Certo questa immagine ci lascia molto perplessi ed è complicato trovare qualcosa di buono sia da un punto di vista estetico che semiologico.
Tuttavia la prima cosa che mi viene in mente è di accostare il volto di questo ragazzo, deformato dalla proiezione prospettica, a una maschera classica della tragedia greca.
La parte inferiore prominente e allargata, la bocca abbozzata in un sorriso un po’ deforme perché esaltata da una dentatura particolarmente sofferta e le orecchie deformi sono gli elementi principali che richiamano alla mente la maschera.
Prendendo in considerazione quest’accostamento e tenuto conto che la maschera è composta di linee disegnate, si può classificare questa figura nell’ambito delle fotografie mitiche, nelle quali l’aspetto plastico è caratterizzato da un elemento grafico molto evidente, in cui le fattezze umane sono convertite in tratti grafici elementari.
Procedendo con la nostra analisi, notiamo che la massa esuberante del mento incarna una sensazione d’imponenza e di vigore, che sono proprie di un busto statuario e questo ci porta alla mente la forza muscolare che si sprigiona dai lineamenti di questo ragazzo e che, traslata in ambito politico, ci riconduce alla potenza della classe proletaria.
Analizzando quest’aspetto, rimango particolarmente perplesso, poiché penso che ciò esprima un contrasto particolarmente stridente con le critiche che colpirono così duramente il povero Rodčhenko.
Gli occhi, abbozzati come fessure prive di dettagli, esaltano il suo sorriso spensierato e ci narrano di una gioventù che guarda fiduciosa verso un futuro, sicuramente positivo e rassicurante.

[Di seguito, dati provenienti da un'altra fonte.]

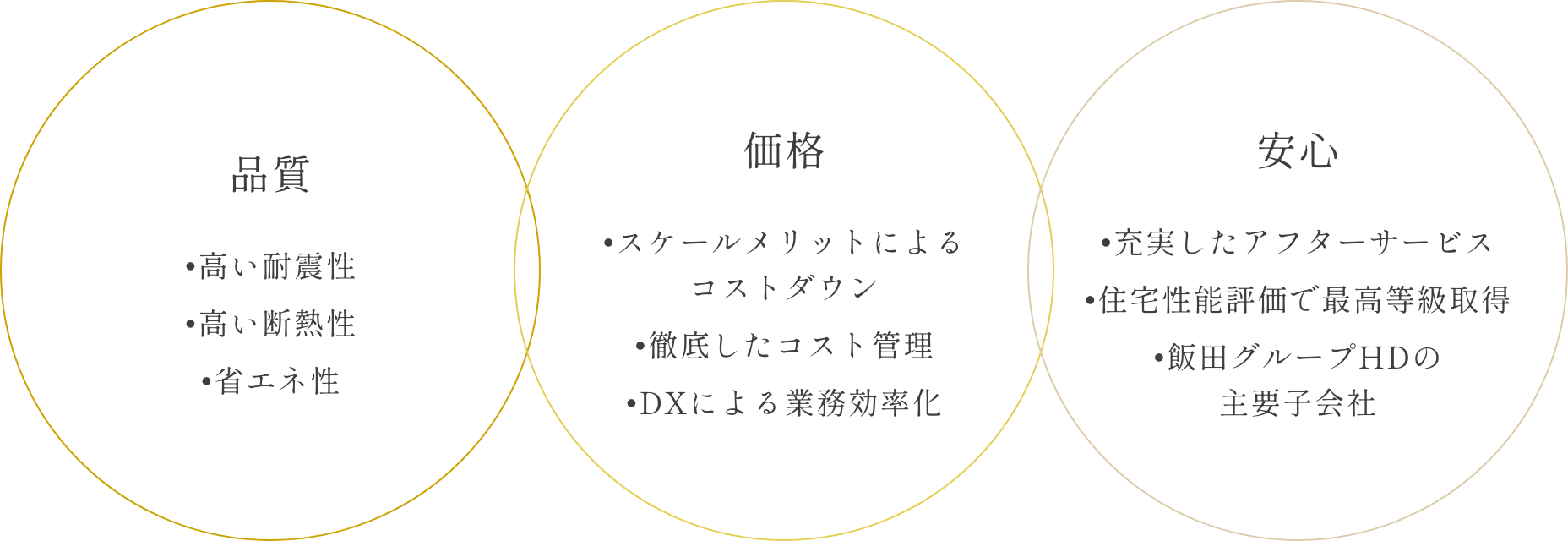 アイディホーム３つの約束　イメージ画像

A tutto quanto abbiamo raccolto come iconopoiesi nei tratti del volto, ci fanno da contrasto i padiglioni auricolari, la cui forma accartocciata e deforme toglie pathos alla stabilità psicologica del ritratto, gravando l’immagine di un significato caricaturale e sminuente: non voluto dall’autore? Non lo so, ma certamente lascia dell’amaro in bocca.